Now I found this article, which is confusing me, as it says that "fixed-effects Cox regression is not feasible when each individual experiences no more than one event". I do not understand, why fixed effects are unfeasible for Cox PH model.


1 Answer 1


A fixed effects regression model in this context eliminates the effects of time-fixed factors by de-meaning both the predictors and the outcome within each individual at each time point.

In a Cox survival model, the outcome is a time to event (potentially censored). Calculations are effectively done event time by event time, using the predictor values in place at each event time for all those at risk. There is no consideration of the history of the covariate values, just their current values and whether or not an individual had the event at that time.

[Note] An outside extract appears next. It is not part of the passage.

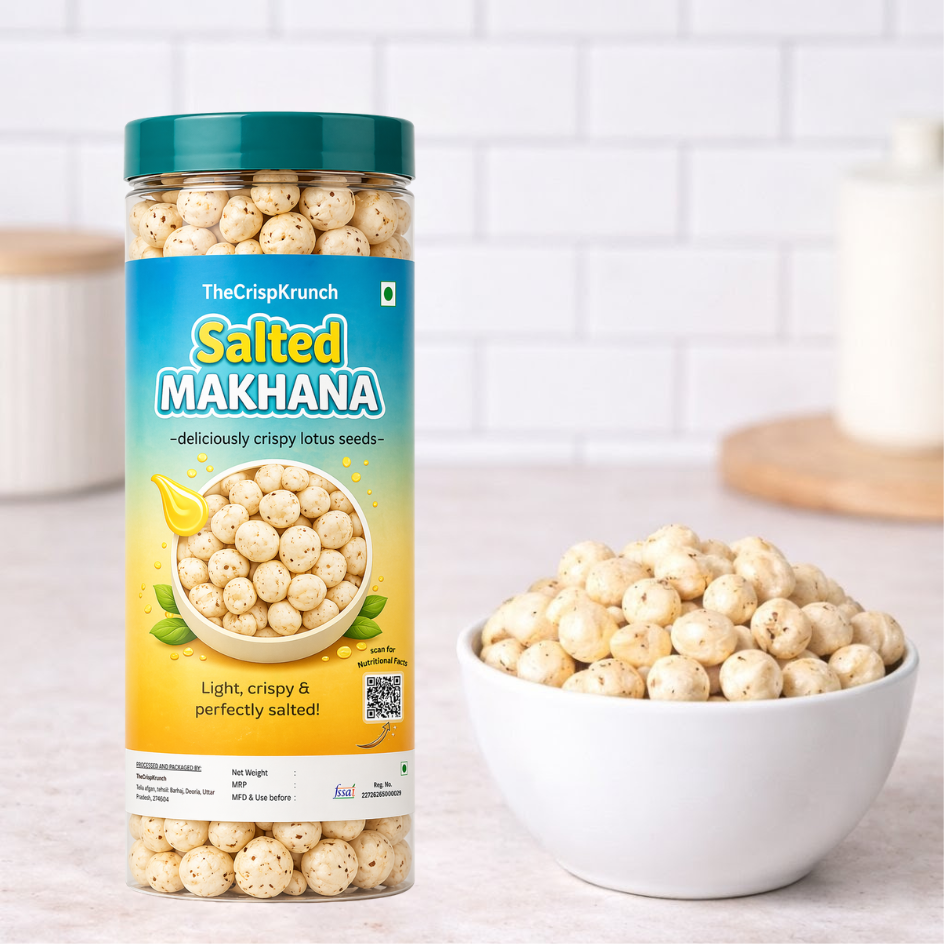 The Crisp Krunch Salted Makhana — light crispy roasted fox nuts, perfectly salted, healthy low cholesterol snack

If there is at most 1 event possible for an individual, then there is only one outcome value for each individual and effectively nothing to average over for the outcome in the context of a Cox model with its lack of memory about covariates. That poses a practical advantage with time-varying covariates, in that you don't need to deal with correlations within individuals if at most 1 event is possible per individual. As the R time-dependence vignette puts it at the end of Section 2:

One common question with this data setup is whether we need to worry about correlated data, since a given subject has multiple observations. The answer is no, we do not. The reason is that this representation is simply a programming trick. The likelihood equations at any time point use only one copy of any subject, the program picks out the correct row of data at each time.

The problem with that lack of correlation within individuals is that there is thus no way in a Cox regression to use a fixed-effects model to deal with fixed, unobserved outcome-associated factors.

The approach suggested in the reference you cite in this situation is to convert the Cox survival model to a series of binomial regressions over time. That provides a series of models for different time periods that provides a logical equivalent to the multiple observations over time in a standard fixed effects regression model.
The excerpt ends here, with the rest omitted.